Python 3.1 (r31:73574, Jun 26 2009, 20:21:35) [MSC v.1500 32 bit (Intel)] on win32
Type "copyright", "credits" or "license()" for more information.
>>> # I cut and paste the following string with an over-bar on the f
>>> x = input()
as⃝df̅
>>> # Just showing x gives the over-bar on the f
>>> x
'as⃝df̅'
>>> # Print it and it is fine.
>>> print(x)
as⃝df̅
>>> # Reverse x though, and the over-bar movesover the quote!
>>> x[::-1]
'̅fd⃝sa'
>>> # print the reversed x and it disappears altogether!
>>> print(x[::-1])
̅fd⃝sa
>>>



|NowCut and paste the unicode characters from firefox for the input
statement, and make sure that:


>>> ['%x' % ord(char) for char in x]
['61', '73', '20dd', '64', '66', '305']


As the unicode might otherwise be lost in my editing to try and present
it to you above.



A bit of scary reading introduced me to
Unicode character classes. It seems that Unicode characters are
sometimes composed, and that if I know what character gets composed
with another, (always the last non-composed character to the left),
then you should be able to form composed groups of characters and then
reverse them.




The WP article gave me the vocabulary, so a quick search in Pythons
library gave me the unicodedata
module which has the name
function. I am not sure if this will work in every case, but from the
WP article and this experimentation:


>>> [(c,'%s' % unicodedata.name(c,0xfffff)) for c in x]
[('a', 'LATIN SMALL LETTER A'), ('s', 'LATIN SMALL LETTER S'), ('⃝', 'COMBINING ENCLOSING CIRCLE'), ('d', 'LATIN SMALL LETTER D'), ('f', 'LATIN SMALL LETTER F'), ('̅', 'COMBINING OVERLINE')]
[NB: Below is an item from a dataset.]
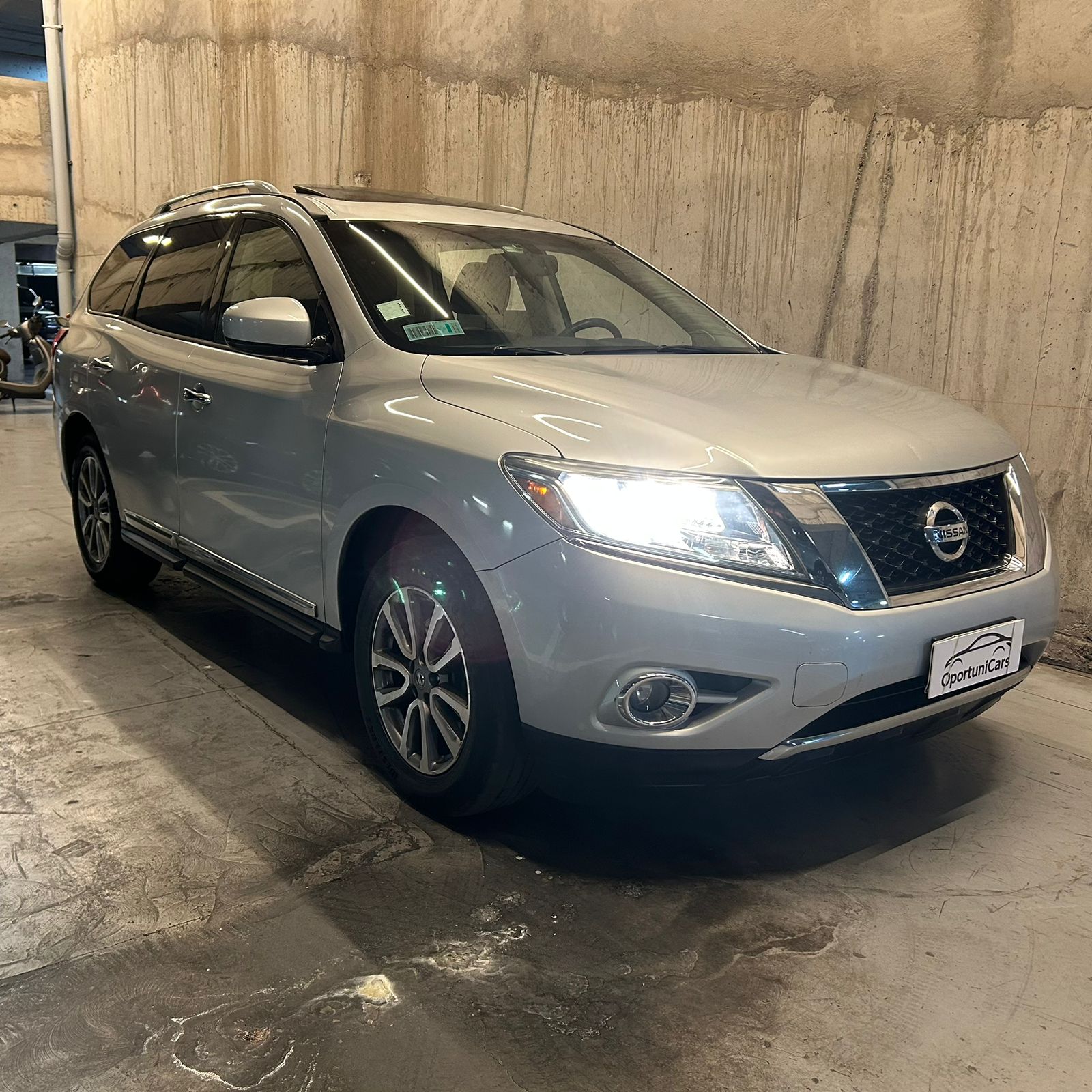 Vehicle media 7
I think I can group by the presence of the word COMBINING in the name
of a character and so produced the following reversal function:


'''
Reverse a Unicode string with proper handling of combining characters
'''

import unicodedata

def ureverse(ustring):
'''
Reverse a string including unicode combining characters

Example:
>>> ucode = ''.join( chr(int(n, 16))
for n in ['61', '73', '20dd', '64', '66', '305'] )
>>> ucoderev = ureverse(ucode)
>>> ['%x' % ord(char) for char in ucoderev]
['66', '305', '64', '73', '20dd', '61']
>>>
'''
groupedchars = []
uchar = list(ustring)
while uchar:
if 'COMBINING' in unicodedata.name(uchar[0], ''):
groupedchars[-1] += uchar.pop(0)
else:
groupedchars.append(uchar.pop(0))
# Grouped reversal
groupedchars = groupedchars[::-1]

return ''.join(groupedchars)

if __name__ == '__main__':
ucode = ''.join( chr(int(n, 16))
for n in ['61', '73', '20dd', '64', '66', '305'] )
ucoderev = ureverse(ucode)
print (ucode)
print (ucoderev)


 

It works for the given example text (Try running it to see the output -
I've given up trying to work out what characters you might see).

Gosh, an attractive Unicode issue! Whatever next.